_Problem statement_.
Each line below should be repeated exactly as written, with no pictures carried over.

_Input records_.
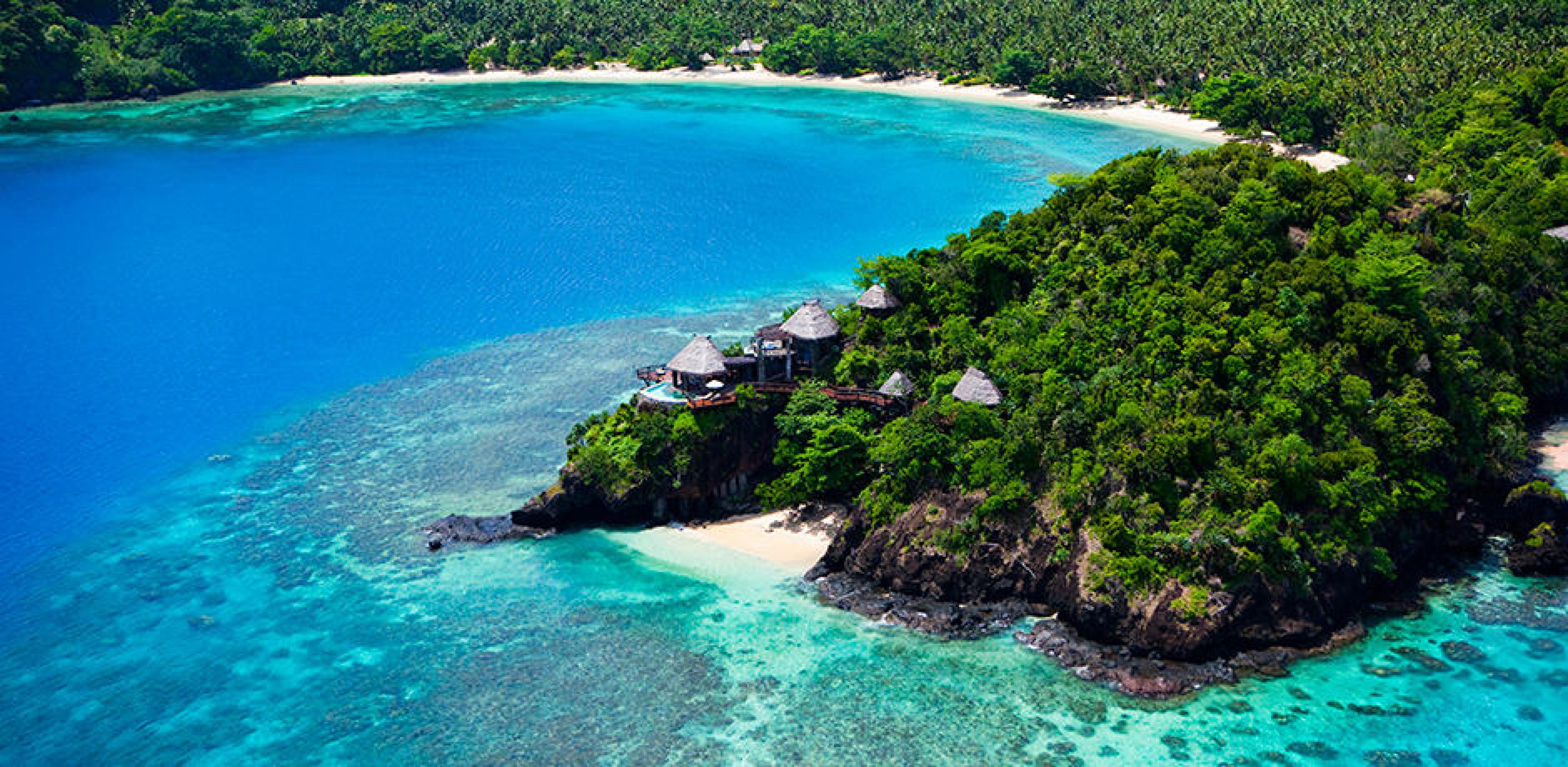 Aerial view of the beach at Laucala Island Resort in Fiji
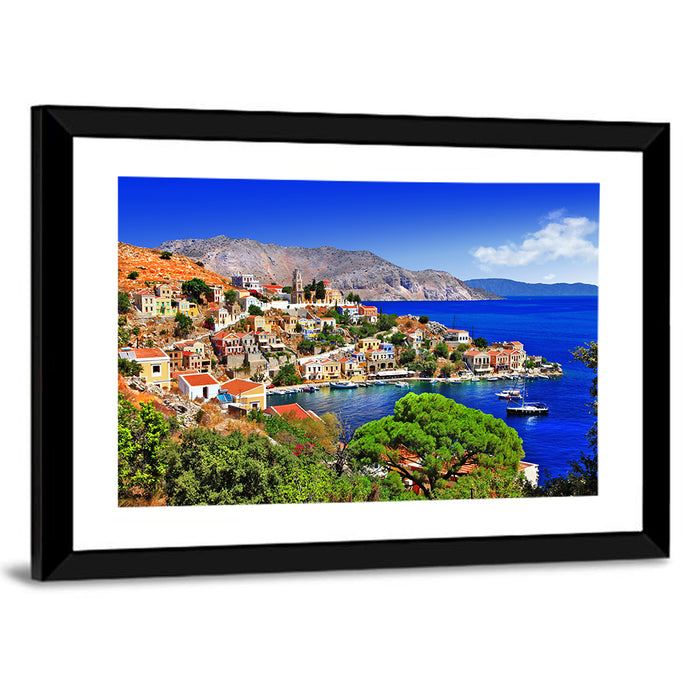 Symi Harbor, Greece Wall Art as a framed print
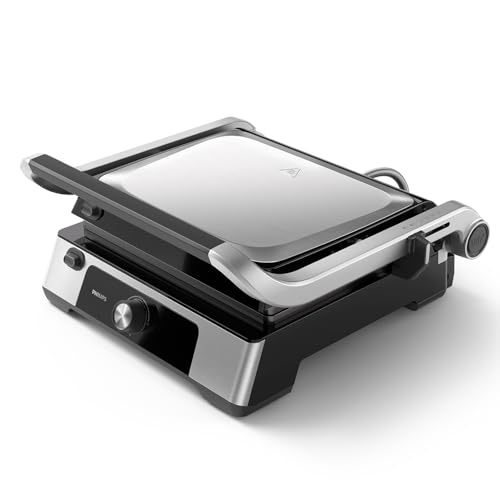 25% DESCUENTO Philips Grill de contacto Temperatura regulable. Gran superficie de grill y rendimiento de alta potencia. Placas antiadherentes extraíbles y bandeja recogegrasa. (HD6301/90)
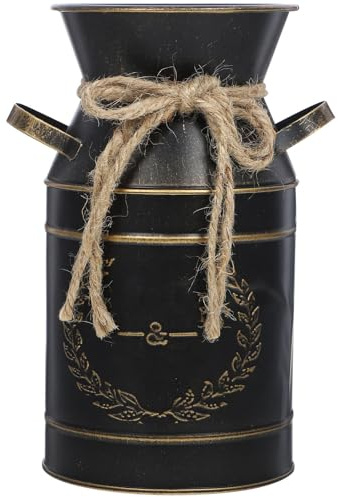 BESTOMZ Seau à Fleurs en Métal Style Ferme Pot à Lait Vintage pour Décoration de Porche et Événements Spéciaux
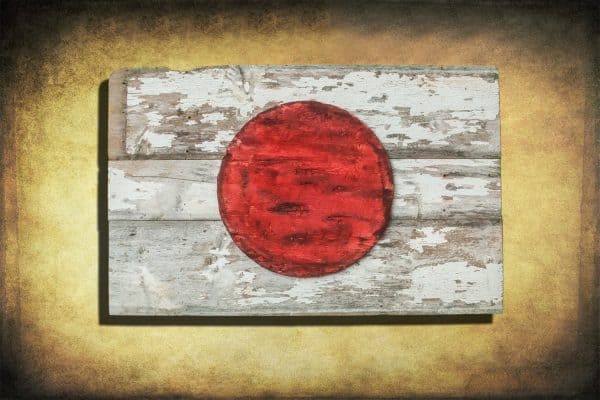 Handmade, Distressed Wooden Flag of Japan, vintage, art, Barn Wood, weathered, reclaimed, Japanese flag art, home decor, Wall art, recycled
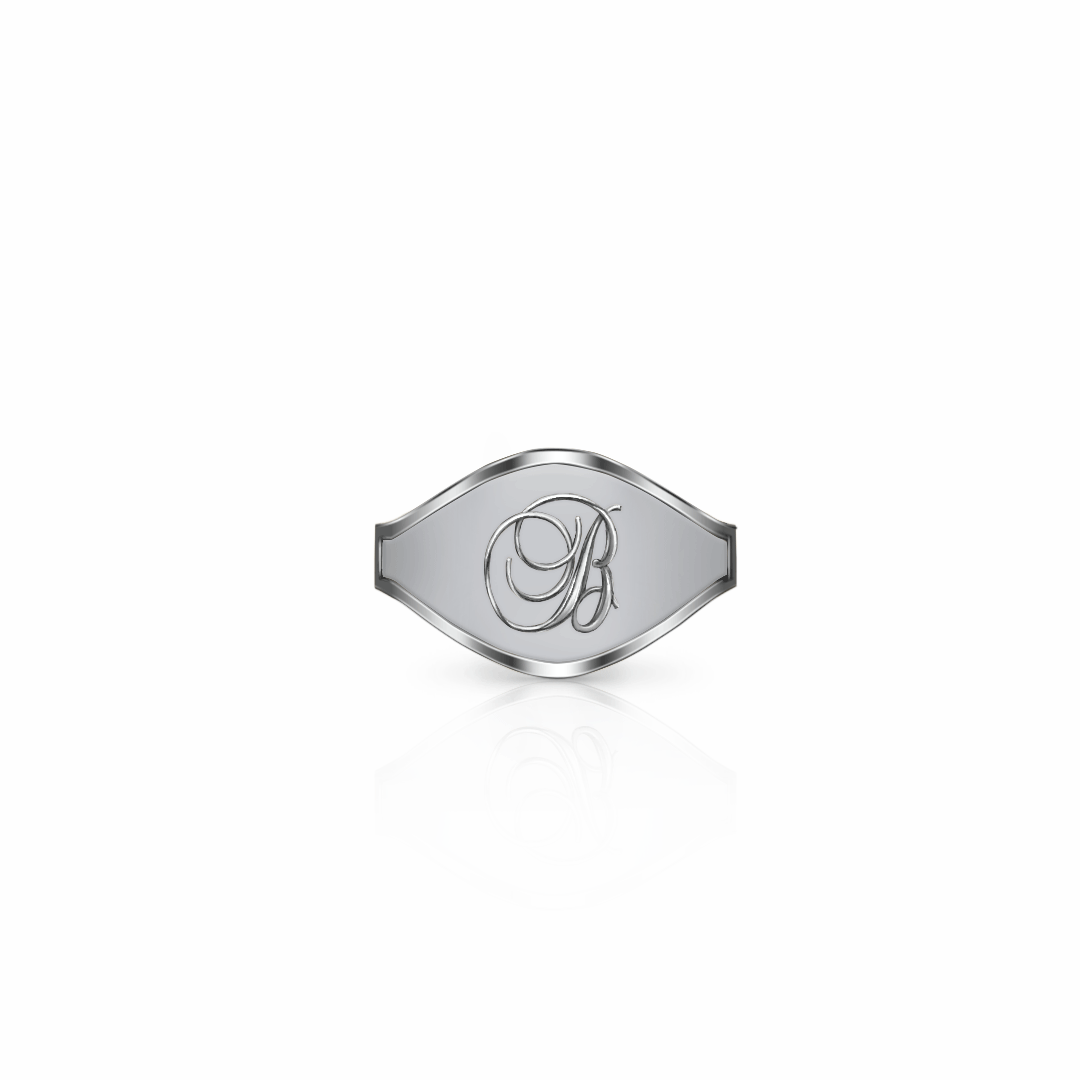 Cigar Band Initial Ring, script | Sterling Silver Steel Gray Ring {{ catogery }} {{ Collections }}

_Exercise response_.
 Aerial view of the beach at Laucala Island Resort in Fiji
 Symi Harbor, Greece Wall Art as a framed print
 25% DESCUENTO Philips Grill de contacto Temperatura regulable. Gran superficie de grill y rendimiento de alta potencia. Placas antiadherentes extraíbles y bandeja recogegrasa. (HD6301/90)
 BESTOMZ Seau à Fleurs en Métal Style Ferme Pot à Lait Vintage pour Décoration de Porche et Événements Spéciaux
 Handmade, Distressed Wooden Flag of Japan, vintage, art, Barn Wood, weathered, reclaimed, Japanese flag art, home decor, Wall art, recycled
 Cigar Band Initial Ring, script | Sterling Silver Steel Gray Ring {{ catogery }} {{ Collections }}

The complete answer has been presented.